[Items from a data source]
-- Opening Marker --
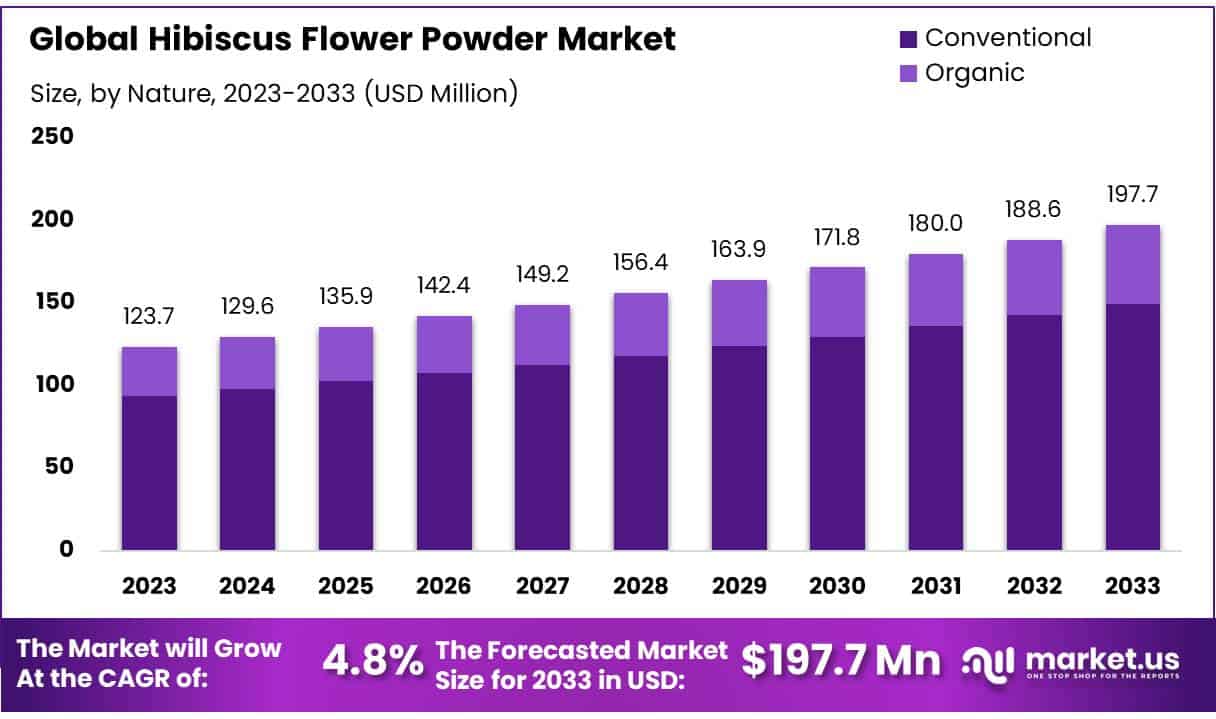 芙蓉花粉市场(2024-2033)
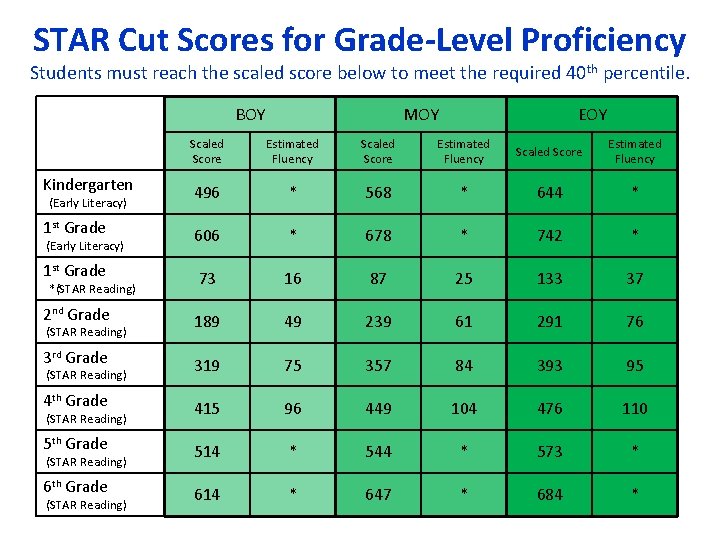 STAR Cut Scores for Grade-Level Proficiency Students must reach the scaled score below to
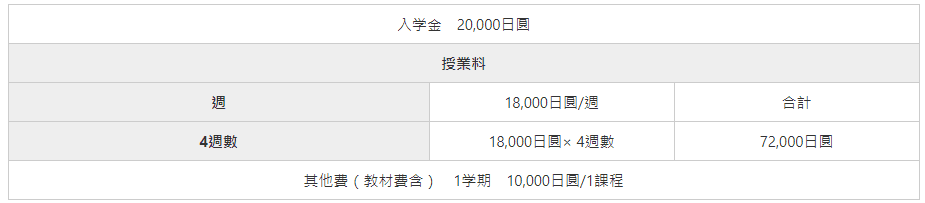 東京 九段日本文化研究所 Kudan Institute o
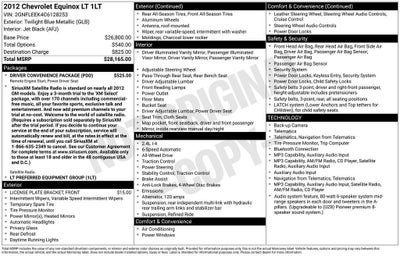 2012 Chevrolet Equinox LT w/1LT
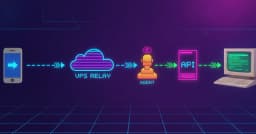 Xây dựng Remote Linux Agent: Giải pháp tối ưu hóa quy trình quản trị máy chủ và loại bỏ nỗi ám ảnh SSH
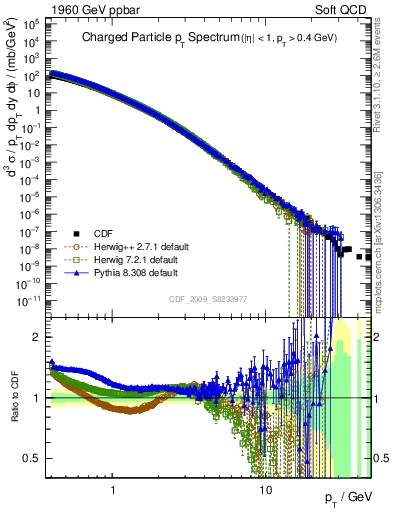 Plot of pt in 1960 GeV ppbar collisions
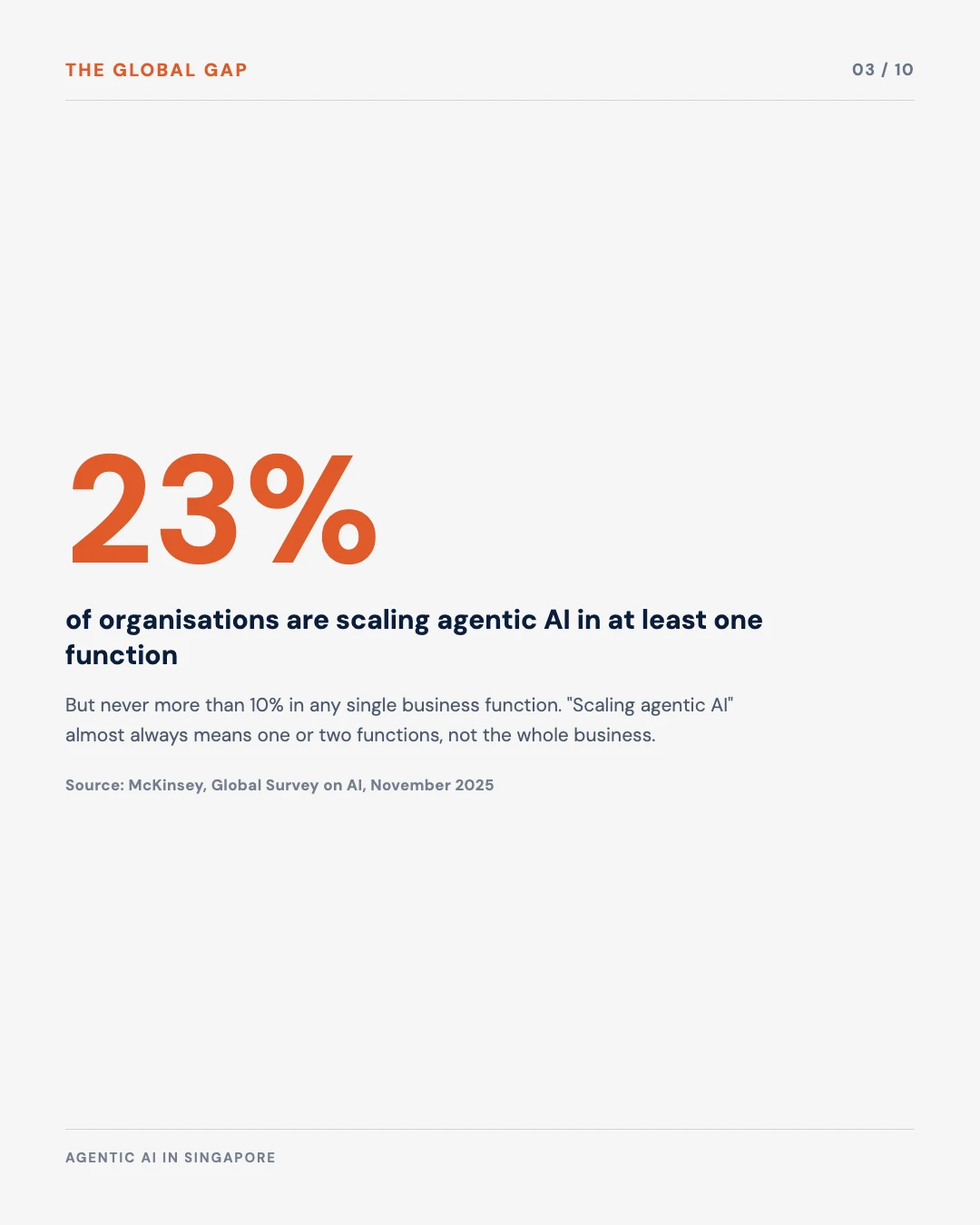 Carousel slide 3: 23% of organisations scaling agentic AI in one function, never more than 10% in any single function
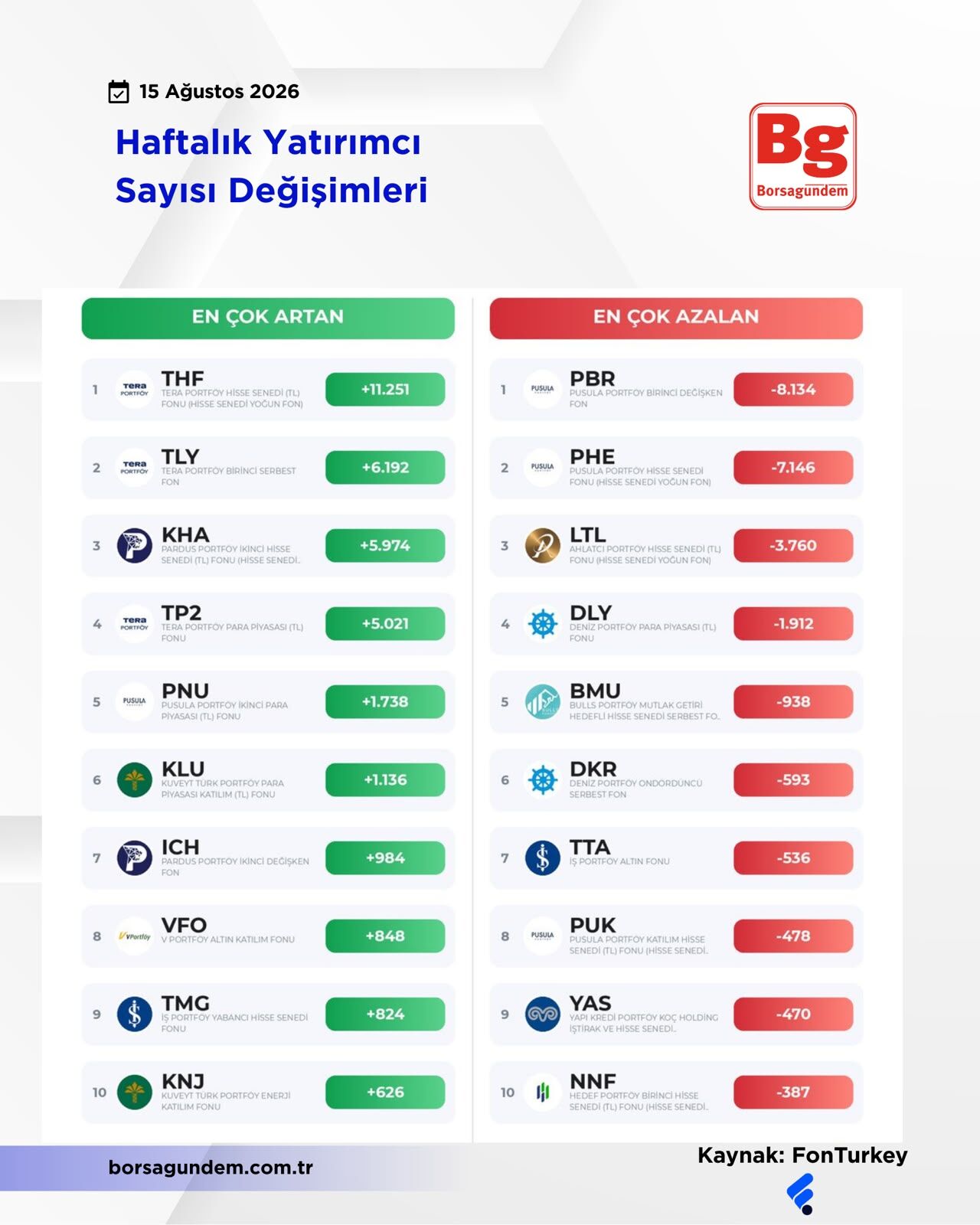 Haftalıkk Yatırımcı Sayısı Değişimleri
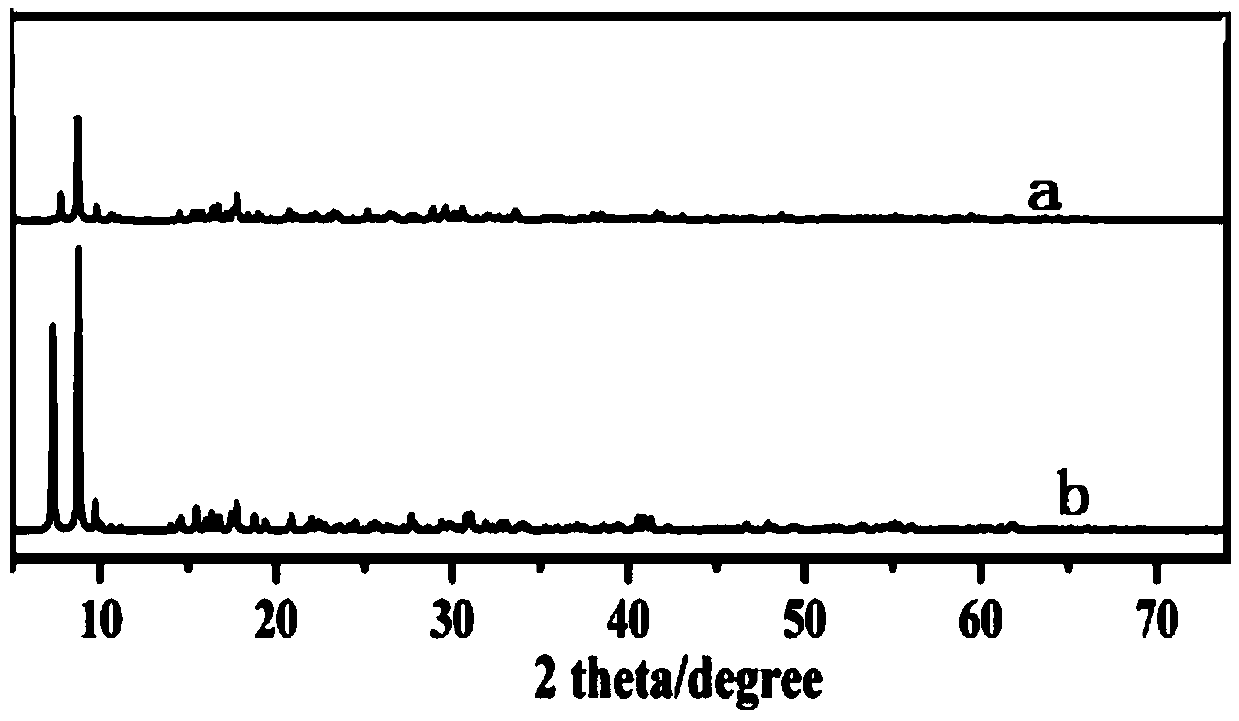 Preparation method of bulk cobalt-molybdenum hydrodesulfurization catalyst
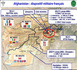 Le dispositif militaire français en Afghanistan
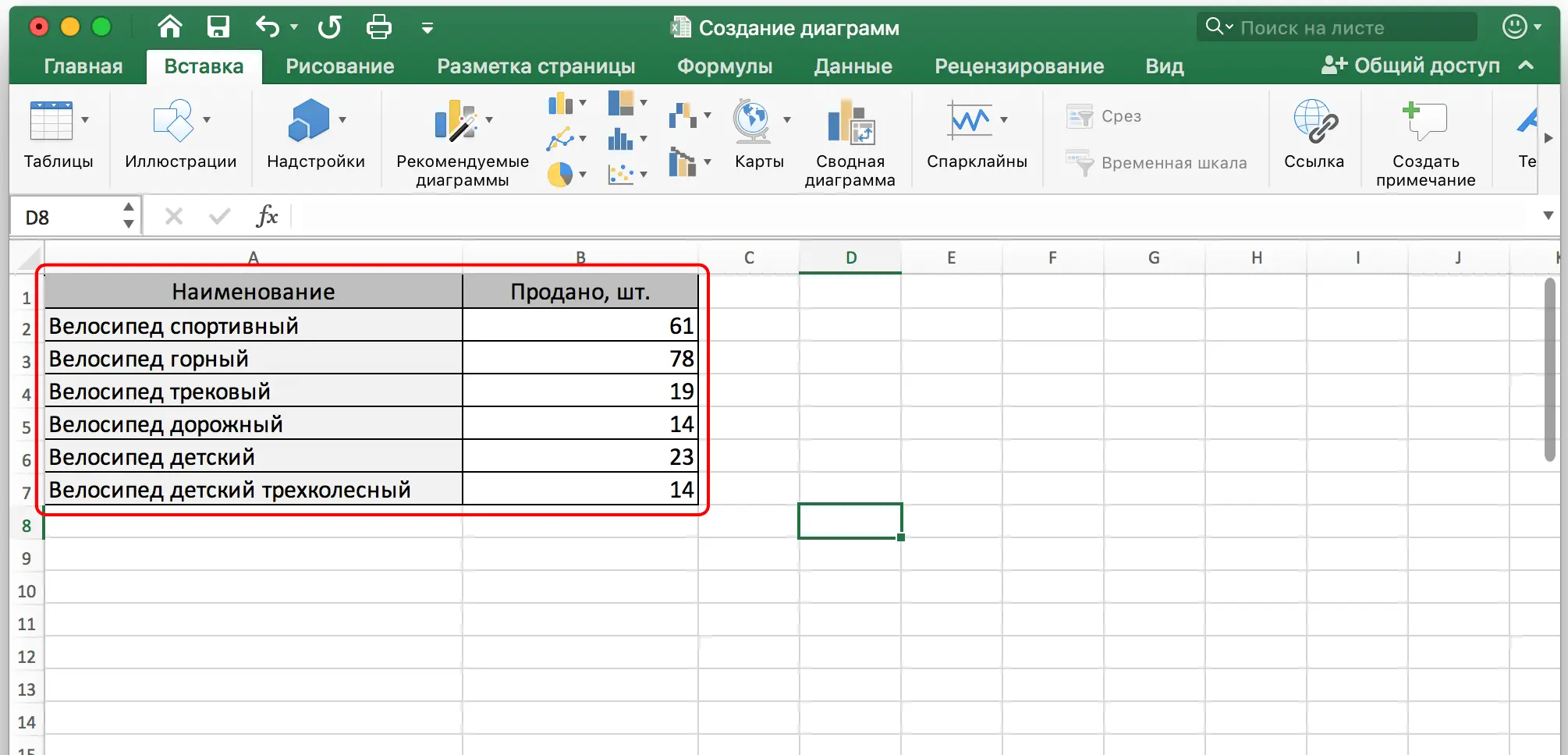 All about creating a chart in Excel. Step by step guide with screenshots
-- Closing Marker --
--- WORK INSTRUCTIONS ---
With the pictures left out, copy exactly the lines above from the line containing "Preparation method of" through the last line of the entries.

--- RESPONSE TO THIS EXERCISE ---
 Preparation method of bulk cobalt-molybdenum hydrodesulfurization catalyst
 Le dispositif militaire français en Afghanistan
 All about creating a chart in Excel. Step by step guide with screenshots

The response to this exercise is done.